Separating the data into training, validation and test set
Before we do any further analysis using our data we need to split the entire data set into three different subsets: training set, validation set and test set. The following image displays this process well:

The test set is also referred to as hold-out set and once we split it from the remaining data we do not touch it again until we have trained and tweaked our Machine Learning models to a point where we think they will perform well on data that they have never seen before.
We split the remaining data into a training and a validation set. This allows us to train our models on the training data and then evaluate their performance on the validation data. In theory, we can then go and tweak our models and evaluate them on the validation data again and thereby find ways to improve model performance. This process often leads to overfitting, meaning that we focus too much on training our model in a way that it performs well on the validation set but it performs poorly when used on a data set that it has never seen before (such as the test set).
In part 3 of this article I explain how we can reduce overfitting while making sure that the models still perform well. For now, we will follow the above approach of a simple split of the data set into training, validation and test set.
I want to split the data in a way that the training set is made up of 60% of the total data set and the validation and test set are both made up of 20%. This code achieves the correct percentage splits:
In the first test split the test_size parameter is set to 0.2, which splits the data into 80% training data and 20% test data.
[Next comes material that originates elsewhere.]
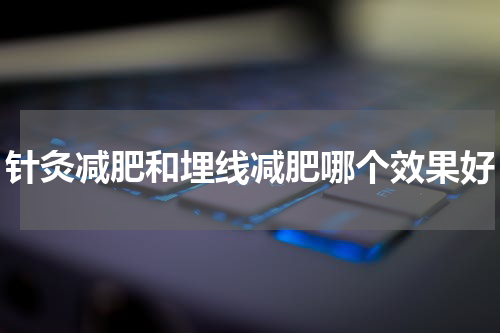 针灸减肥和埋线减肥哪个效果好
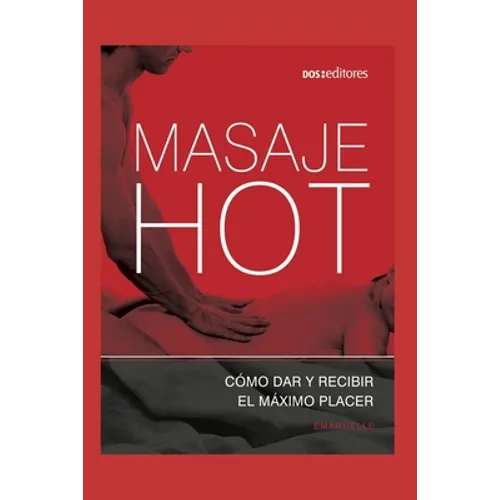 Masaje Hot: erotismo y bienestar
In order to split the 80% training data into training and validation data and ensuring that the validation data is 20% of the size of the original data set the test_size parameter needs to be 0.25 (20% is one quarter, or 0.25, of 80%).
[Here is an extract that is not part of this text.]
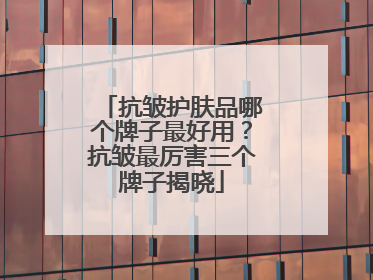 抗皱护肤品哪个牌子最好用？抗皱最厉害三个牌子揭晓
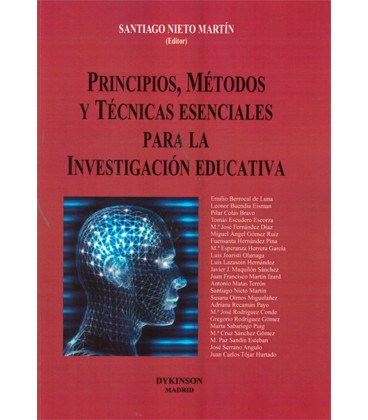 PRINCIPIOS METODOS Y TECNICAS ESENCIALES PARA LA INVESTIGACION EDUCATI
Before moving on I want to emphasise one important thing here. It is crucial to split the data before performing any further transformations such as scaling the data because we want to prevent any information about the test set to spill over into our training and validation set. Data scaling is often done using statistics about the data set as a whole, such as mean and standard deviation. Because we want to be able to measure how well our Machine Learning models perform on data they have never seen before we have to make sure that no information from the test data impacts how the scaling or any other transformation is done.
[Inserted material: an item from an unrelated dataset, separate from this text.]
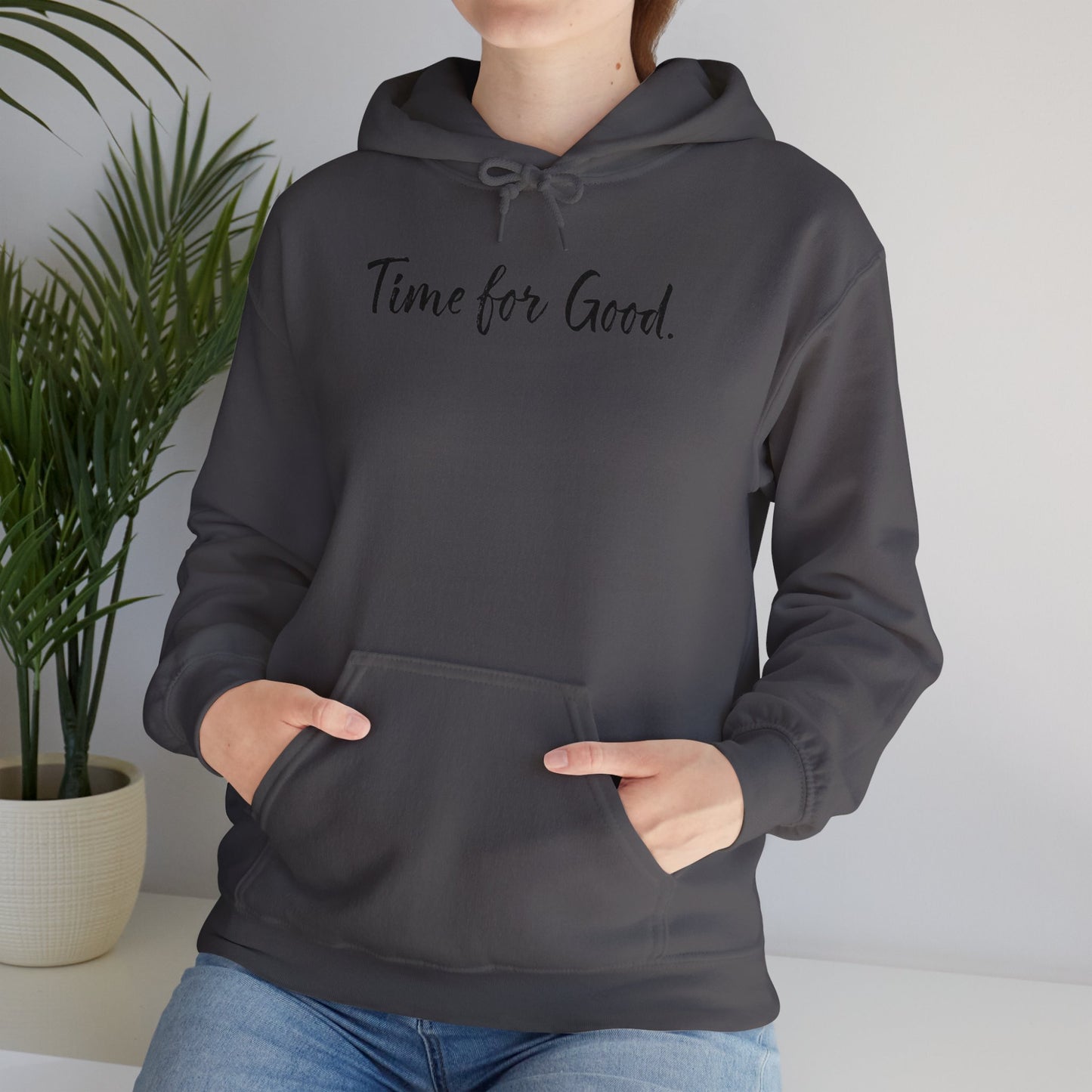 Time for Good (Front), Time for God (Back) Hoodie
Scaling features, defining performance metrics and a baseline
Although for the Machine Learning models in this project feature scaling is not required, it is considered best practice to scale features when comparing different models and their performance.
In this code, I use MinMaxScaler, which I fit on the training data and then use to scale the training, validation and test data:
Performance measures
Next, let’s define some performance measures that we can use to evaluate our models and compare them. Because Sleep Scores are a continuous variable (although only integer Sleep Scores are possible) the problem at hand is a regression problem. For regression problems there are many different measures of performance and in this analysis I will use Mean Absolute Error, Mean Squared Error and R-Squared. Additionally, I compute an accuracy of the predictions of the models.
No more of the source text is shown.